We live in a part of the world where the voice of sanity is nearly extinct. Consider this: On July 3, members of the Pakistan army and local police, stationed at the Jarma check post on the outskirts of Kohat, stopped a large private taxi headed to Peshawar. Al Qaeda terrorists riding in the van opened fire, killing four soldiers; four terrorists also died. Local newspapers made the issue complex by reporting that the terrorists‘ corpses emitted a mysterious aroma, a sign of divine forces. Ordinary people impressed with the signs they considered to be a miracle attacked the hospital and tried to take possession of the bodies. The government, out of fear that a new shrine would be established for al Qaeda martyrs, secretly buried the bodies in a far-flung area.

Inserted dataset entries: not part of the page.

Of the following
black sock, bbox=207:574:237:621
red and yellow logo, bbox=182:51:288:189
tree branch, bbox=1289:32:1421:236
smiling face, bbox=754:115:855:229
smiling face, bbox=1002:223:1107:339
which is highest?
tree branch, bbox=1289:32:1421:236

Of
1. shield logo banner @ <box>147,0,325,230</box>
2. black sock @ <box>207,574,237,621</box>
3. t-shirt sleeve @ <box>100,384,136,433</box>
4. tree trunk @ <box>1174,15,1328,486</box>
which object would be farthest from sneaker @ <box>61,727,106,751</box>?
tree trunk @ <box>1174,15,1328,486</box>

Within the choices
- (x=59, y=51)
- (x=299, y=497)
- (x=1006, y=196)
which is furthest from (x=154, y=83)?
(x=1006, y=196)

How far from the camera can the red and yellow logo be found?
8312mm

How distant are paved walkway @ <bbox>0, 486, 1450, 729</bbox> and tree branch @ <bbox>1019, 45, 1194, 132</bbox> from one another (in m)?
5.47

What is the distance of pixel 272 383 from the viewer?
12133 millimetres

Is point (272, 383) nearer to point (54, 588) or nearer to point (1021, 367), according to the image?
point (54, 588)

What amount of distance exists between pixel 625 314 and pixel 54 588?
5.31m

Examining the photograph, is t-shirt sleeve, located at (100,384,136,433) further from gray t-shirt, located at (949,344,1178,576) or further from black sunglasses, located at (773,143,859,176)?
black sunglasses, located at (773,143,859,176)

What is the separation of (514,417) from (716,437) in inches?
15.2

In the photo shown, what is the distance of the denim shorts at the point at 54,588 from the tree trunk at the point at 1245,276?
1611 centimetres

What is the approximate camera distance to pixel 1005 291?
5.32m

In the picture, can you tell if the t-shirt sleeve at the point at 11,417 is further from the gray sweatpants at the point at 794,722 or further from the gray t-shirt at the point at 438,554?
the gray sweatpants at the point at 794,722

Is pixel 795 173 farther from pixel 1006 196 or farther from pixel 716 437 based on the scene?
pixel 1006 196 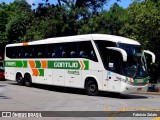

Last month, Pakistan’s interior ministry placed advertisements in papers around the country seeking help finding its most-wanted terrorists — including bin Laden. The message was that terrorism is not jihad, and the government needs help to fight this menace. Callers‘ names would be kept confidential. Army officers would handle the calls.

The Daily Ummat used the same format and pictures provided by the government, but changed the message. The new words: ”Jihad is the answer to terrorism. Pray for the safety of mujahideen at prayer times. For prayer offering, no need of telling your name as you can convey this directly to your God. Your call would be attended by God himself.“

After three or four days, the government’s campaign ceased. The Daily Ummat declared its purpose had been served, and thanked hundreds of thousands of well-wishers who called in their support.

Pakistan‘s rulers, who are so fond of implicating anyone not toeing the official line, were stunned at this audacity, but issued no warnings against the paper. Officials won’t say why they did nothing. It is widely believed that the paper has some level of support within Pakistan‘s intelligence apparatus.